[Exercise brief] After locating the line with "دیدار روسای جمهور ایران و تاجیکستان", reproduce that line and every one following it exactly, up to the end of the entries.

Content starts

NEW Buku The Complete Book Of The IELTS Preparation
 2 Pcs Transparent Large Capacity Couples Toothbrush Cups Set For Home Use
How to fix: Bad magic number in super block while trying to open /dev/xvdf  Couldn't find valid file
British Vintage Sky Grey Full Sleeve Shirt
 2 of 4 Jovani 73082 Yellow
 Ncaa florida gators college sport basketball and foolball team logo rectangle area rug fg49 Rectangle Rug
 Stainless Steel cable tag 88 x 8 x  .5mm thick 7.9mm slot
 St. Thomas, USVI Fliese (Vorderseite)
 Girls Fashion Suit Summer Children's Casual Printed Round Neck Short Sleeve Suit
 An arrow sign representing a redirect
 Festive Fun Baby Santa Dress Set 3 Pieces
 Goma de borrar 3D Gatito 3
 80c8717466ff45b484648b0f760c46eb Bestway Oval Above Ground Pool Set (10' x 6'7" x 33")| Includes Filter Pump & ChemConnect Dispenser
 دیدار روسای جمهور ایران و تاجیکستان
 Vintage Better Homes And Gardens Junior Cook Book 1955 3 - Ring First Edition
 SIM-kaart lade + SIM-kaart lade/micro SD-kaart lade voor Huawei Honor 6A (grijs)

Content ends

[Output of the exercise]
 دیدار روسای جمهور ایران و تاجیکستان
 Vintage Better Homes And Gardens Junior Cook Book 1955 3 - Ring First Edition
 SIM-kaart lade + SIM-kaart lade/micro SD-kaart lade voor Huawei Honor 6A (grijs)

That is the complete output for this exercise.